-- DATA EXTRACTS follows --
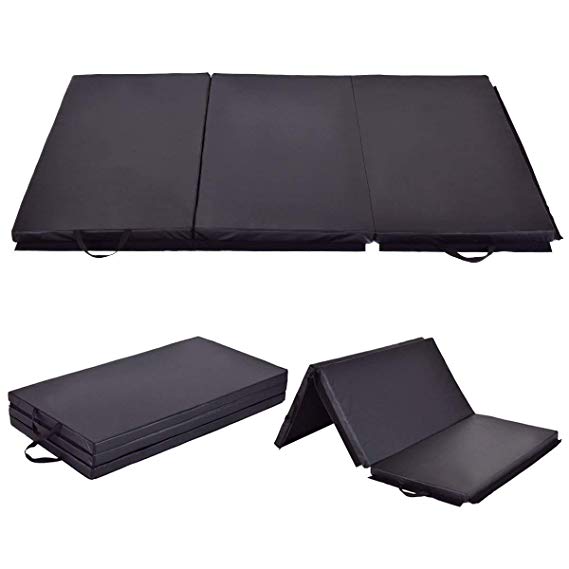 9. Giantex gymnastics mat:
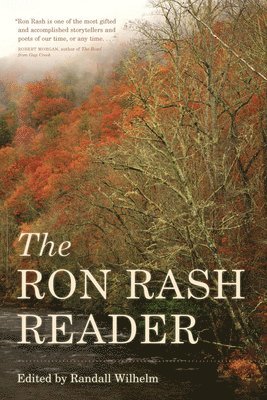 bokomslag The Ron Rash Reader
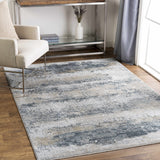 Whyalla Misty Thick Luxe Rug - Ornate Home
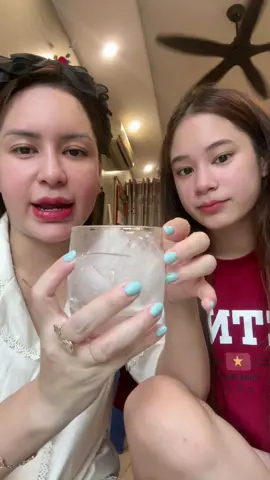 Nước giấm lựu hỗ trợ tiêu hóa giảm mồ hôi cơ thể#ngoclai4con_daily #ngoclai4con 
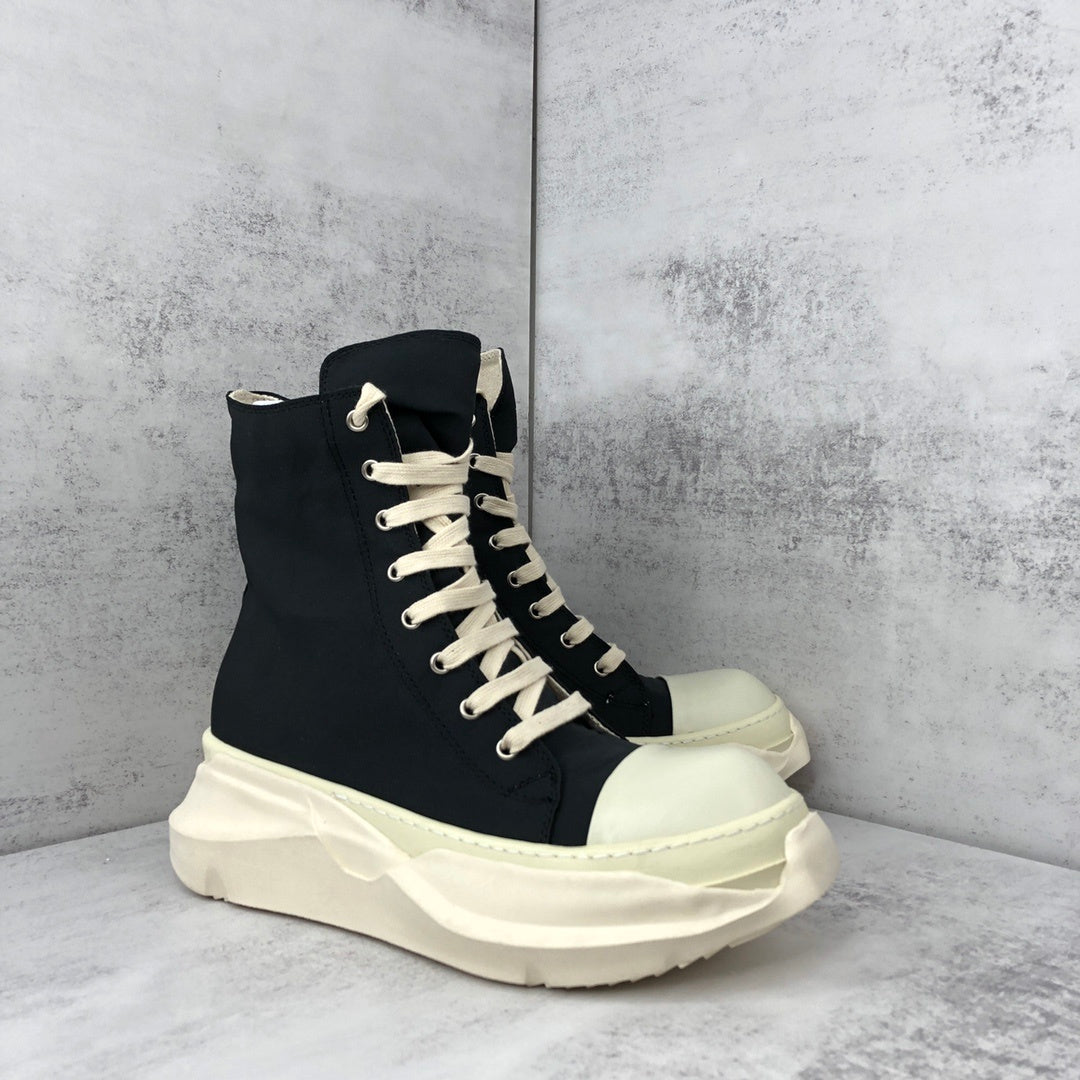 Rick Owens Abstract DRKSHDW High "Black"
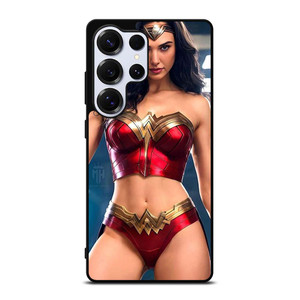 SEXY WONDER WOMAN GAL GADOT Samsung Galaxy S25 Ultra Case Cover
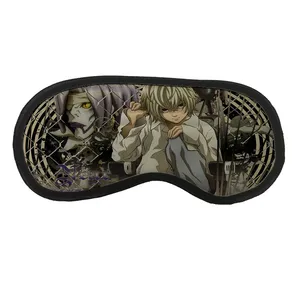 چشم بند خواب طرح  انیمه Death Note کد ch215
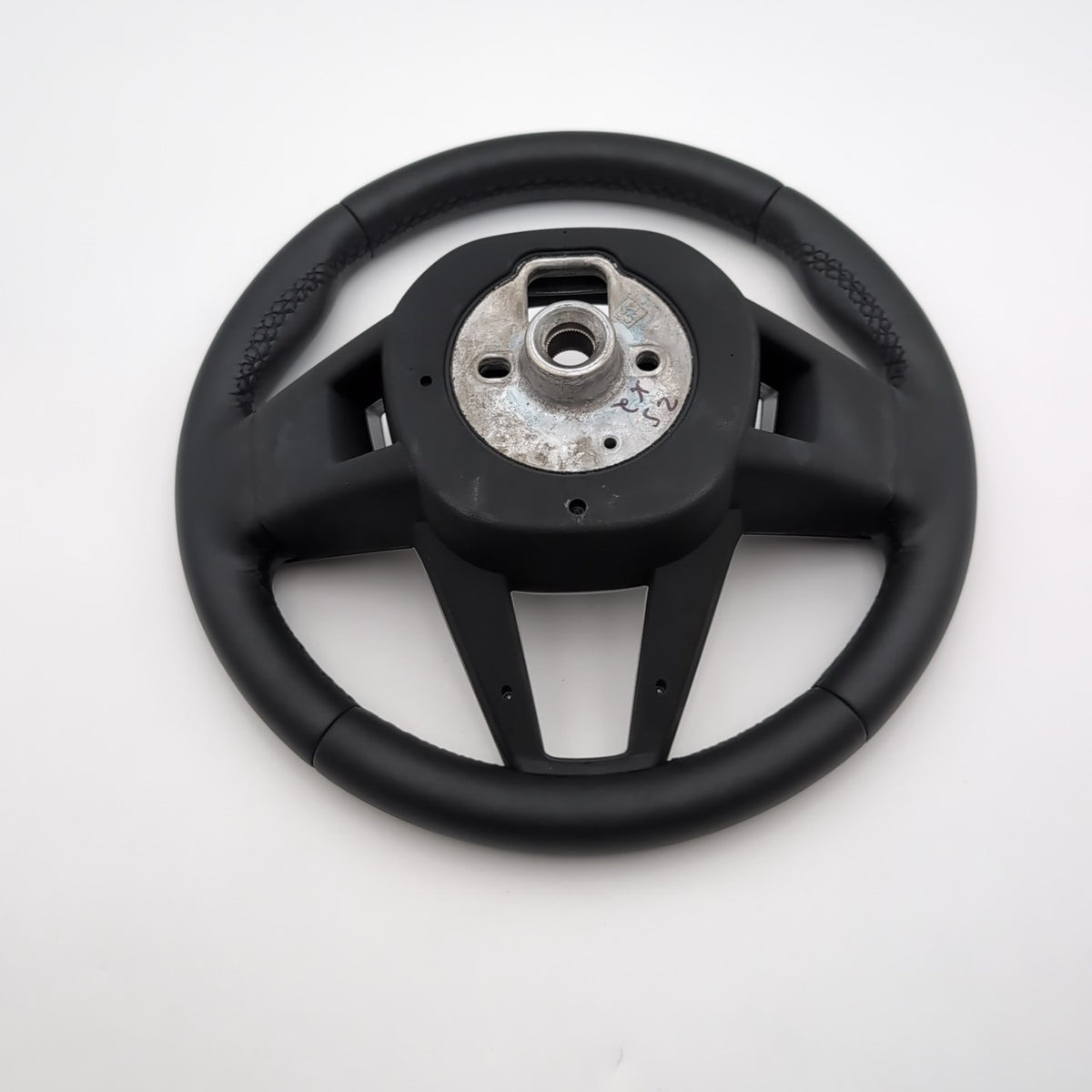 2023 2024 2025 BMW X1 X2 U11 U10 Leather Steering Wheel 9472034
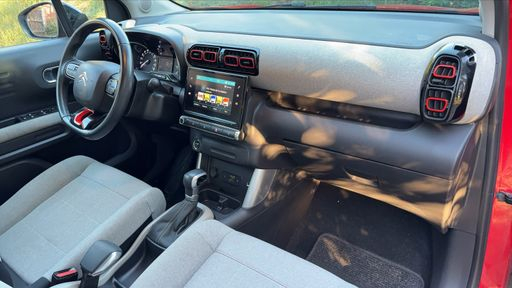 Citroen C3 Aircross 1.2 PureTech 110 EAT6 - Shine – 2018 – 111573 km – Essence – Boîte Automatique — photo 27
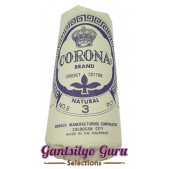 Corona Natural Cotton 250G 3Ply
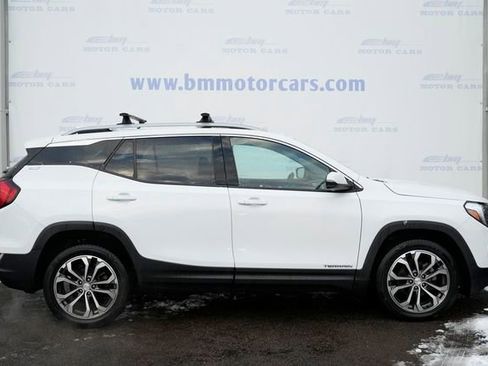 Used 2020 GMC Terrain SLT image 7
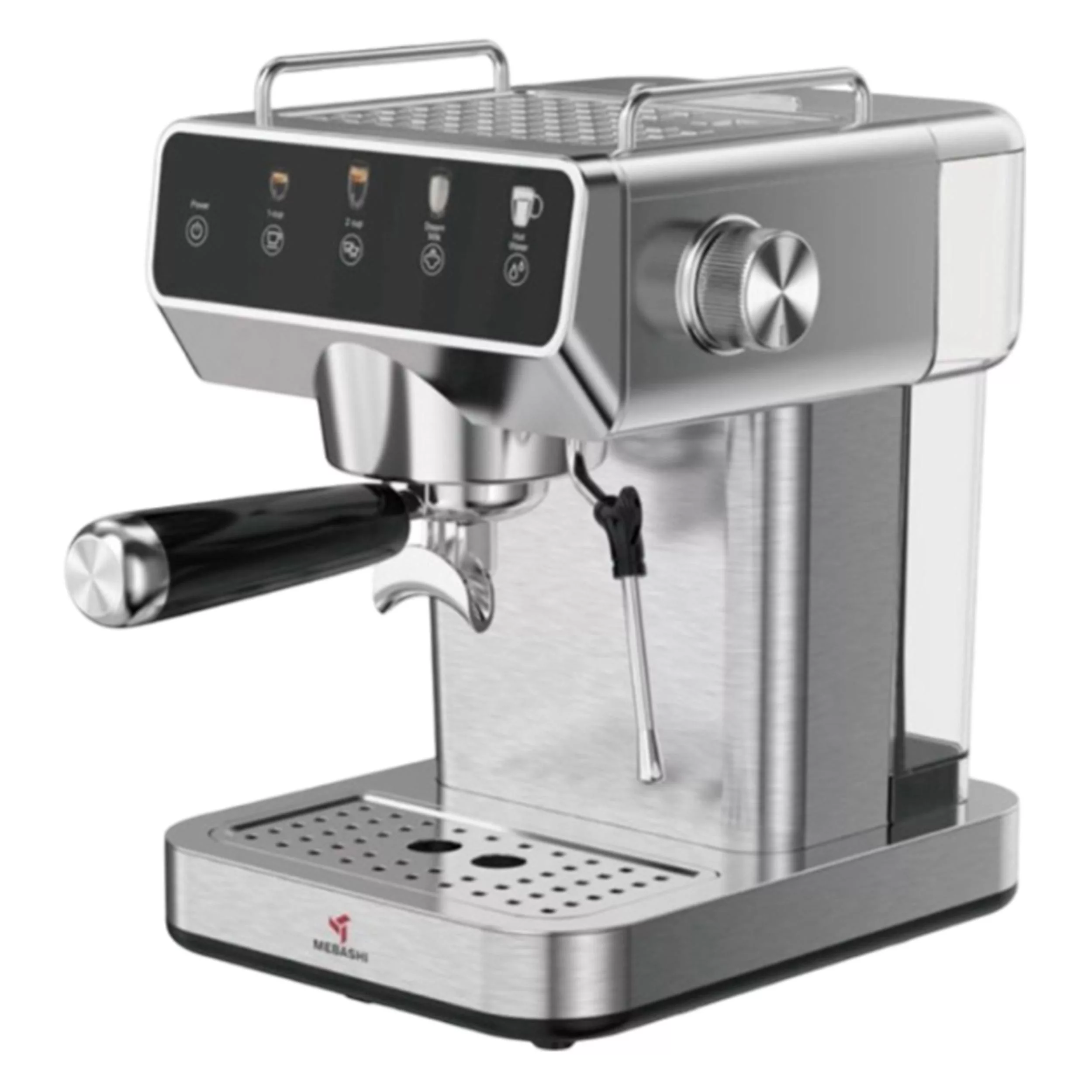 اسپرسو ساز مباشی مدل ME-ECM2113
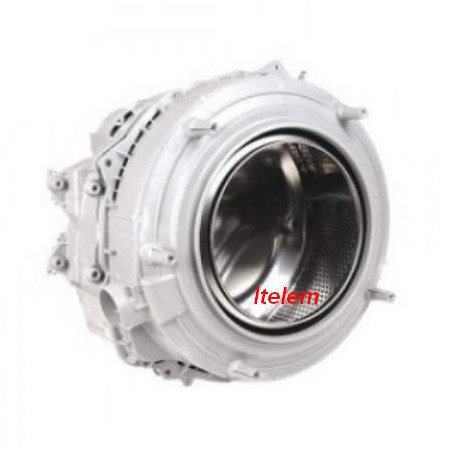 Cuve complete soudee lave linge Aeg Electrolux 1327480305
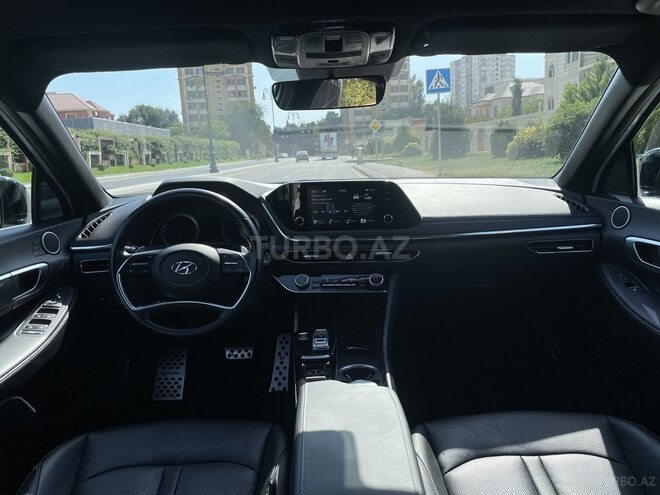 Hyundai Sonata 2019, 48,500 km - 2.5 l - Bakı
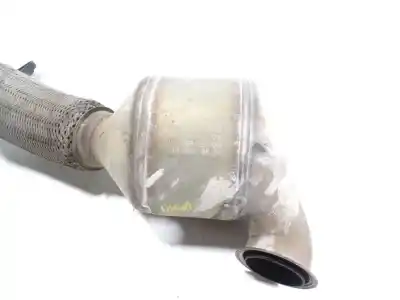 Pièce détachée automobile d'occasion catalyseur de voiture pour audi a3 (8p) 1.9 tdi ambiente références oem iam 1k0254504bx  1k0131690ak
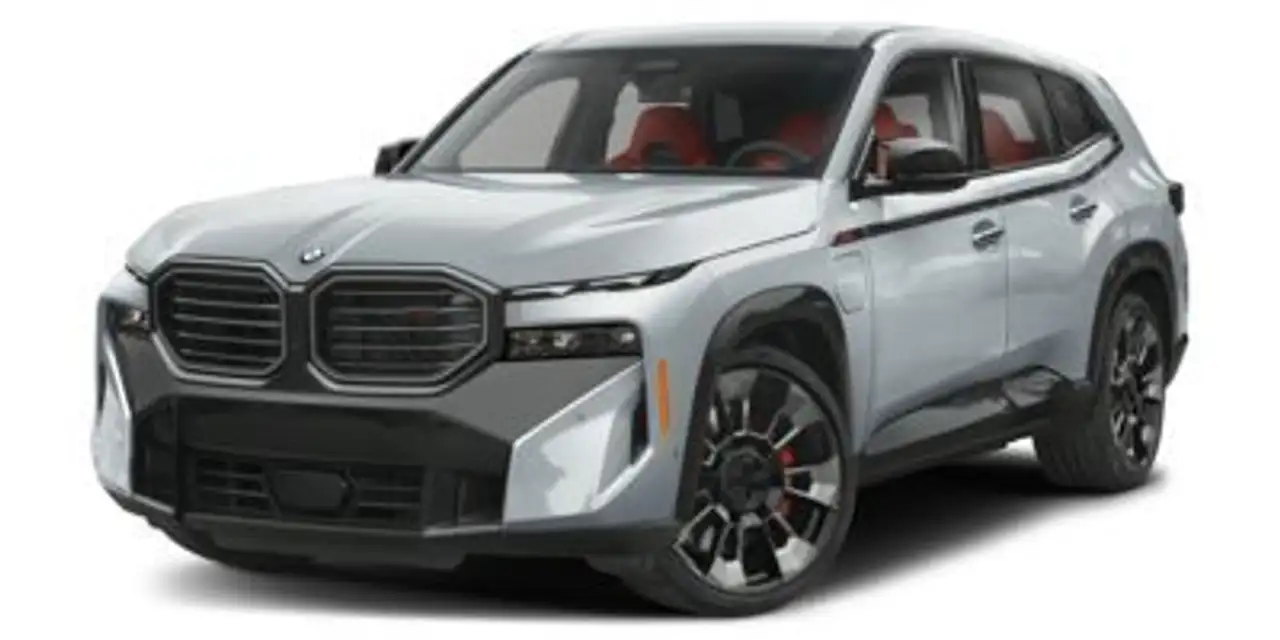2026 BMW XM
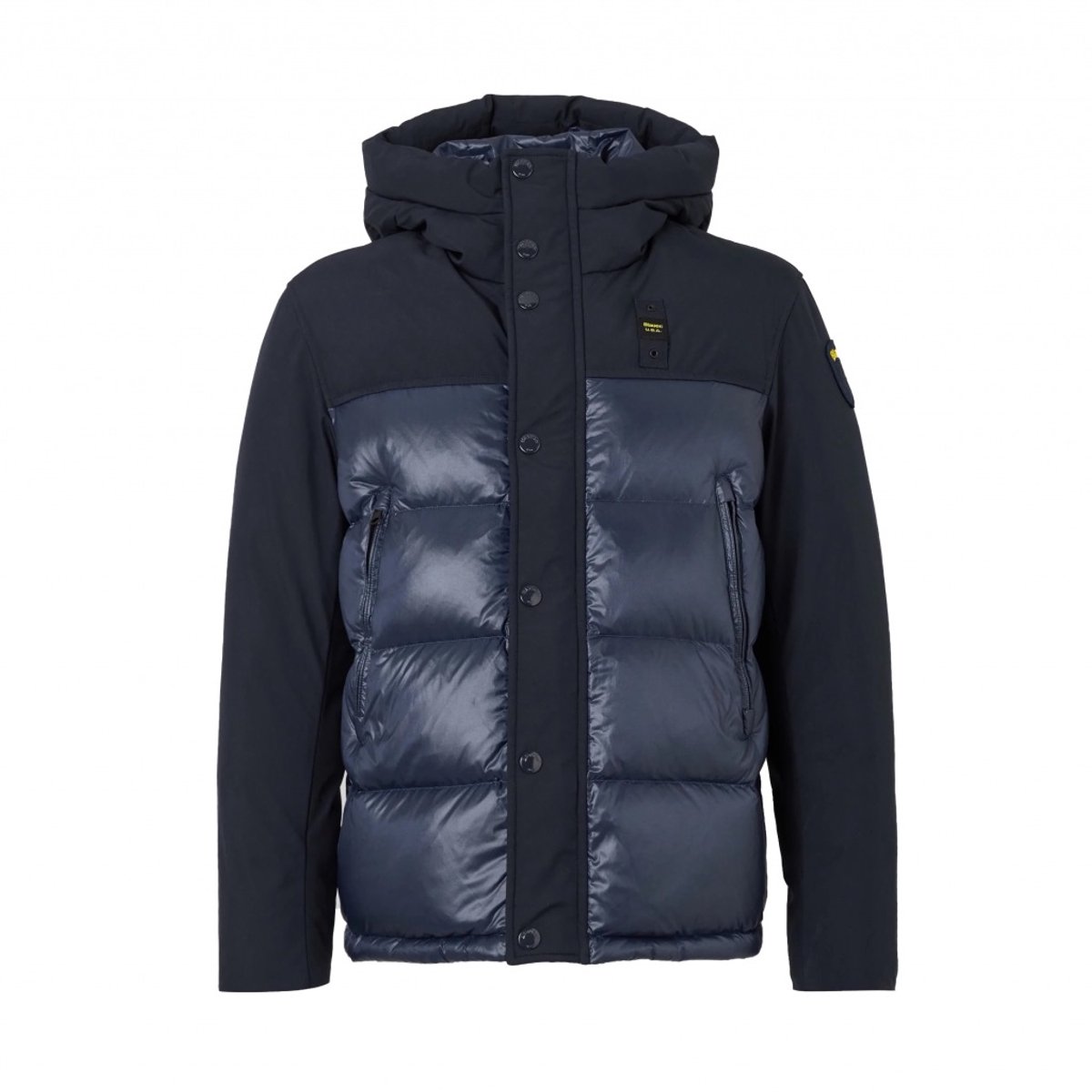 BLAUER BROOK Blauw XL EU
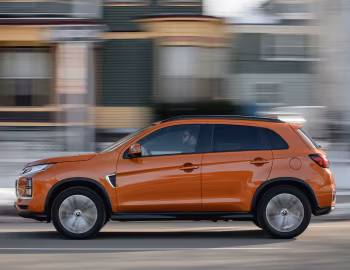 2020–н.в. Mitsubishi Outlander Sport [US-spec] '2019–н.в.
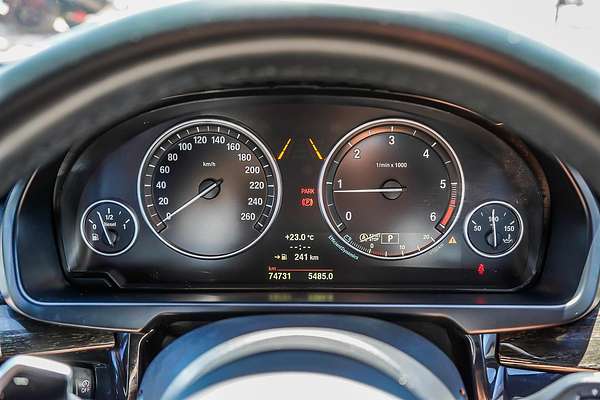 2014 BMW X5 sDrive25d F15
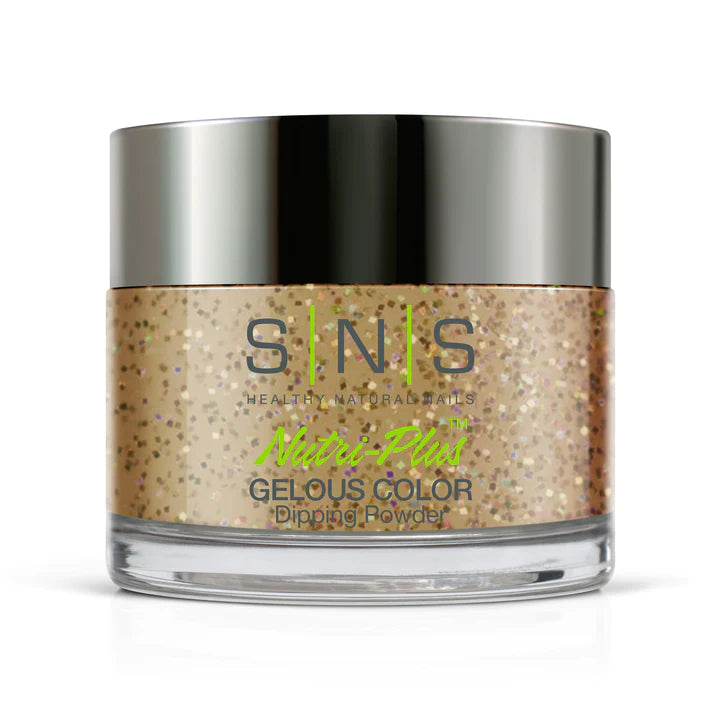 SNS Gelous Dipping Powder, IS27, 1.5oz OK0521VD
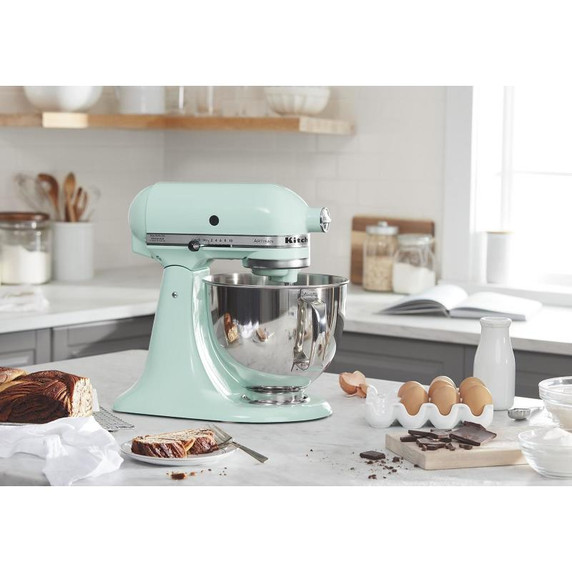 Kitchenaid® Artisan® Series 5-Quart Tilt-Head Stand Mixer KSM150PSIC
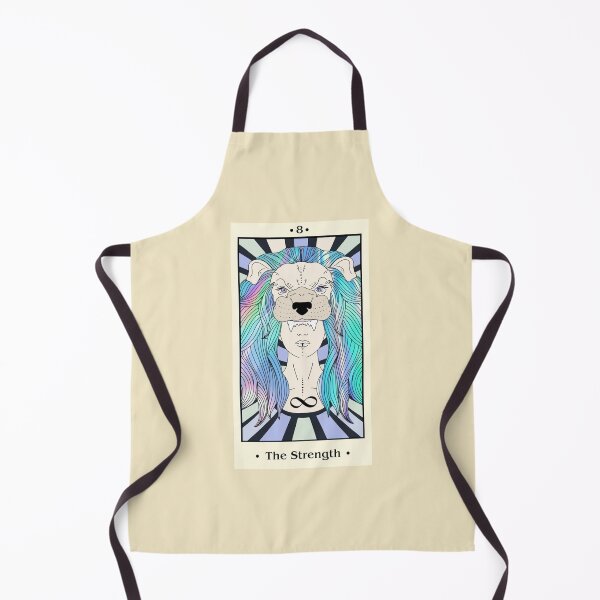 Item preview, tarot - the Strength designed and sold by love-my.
-- DATA EXTRACTS concluded --
• [WHAT NEEDS TO BE DONE] Reproduce the listing word for word. Do not carry over the pictures.

• [EXERCISE RESPONSE]
 9. Giantex gymnastics mat:
 bokomslag The Ron Rash Reader
 Whyalla Misty Thick Luxe Rug - Ornate Home
 Nước giấm lựu hỗ trợ tiêu hóa giảm mồ hôi cơ thể#ngoclai4con_daily #ngoclai4con 
 Rick Owens Abstract DRKSHDW High "Black"
 SEXY WONDER WOMAN GAL GADOT Samsung Galaxy S25 Ultra Case Cover
 چشم بند خواب طرح  انیمه Death Note کد ch215
 2023 2024 2025 BMW X1 X2 U11 U10 Leather Steering Wheel 9472034
 Citroen C3 Aircross 1.2 PureTech 110 EAT6 - Shine – 2018 – 111573 km – Essence – Boîte Automatique — photo 27
 Corona Natural Cotton 250G 3Ply
 Used 2020 GMC Terrain SLT image 7
 اسپرسو ساز مباشی مدل ME-ECM2113
 Cuve complete soudee lave linge Aeg Electrolux 1327480305
 Hyundai Sonata 2019, 48,500 km - 2.5 l - Bakı
 Pièce détachée automobile d'occasion catalyseur de voiture pour audi a3 (8p) 1.9 tdi ambiente références oem iam 1k0254504bx  1k0131690ak
2026 BMW XM
 BLAUER BROOK Blauw XL EU
 2020–н.в. Mitsubishi Outlander Sport [US-spec] '2019–н.в.
 2014 BMW X5 sDrive25d F15
 SNS Gelous Dipping Powder, IS27, 1.5oz OK0521VD
 Kitchenaid® Artisan® Series 5-Quart Tilt-Head Stand Mixer KSM150PSIC
 Item preview, tarot - the Strength designed and sold by love-my.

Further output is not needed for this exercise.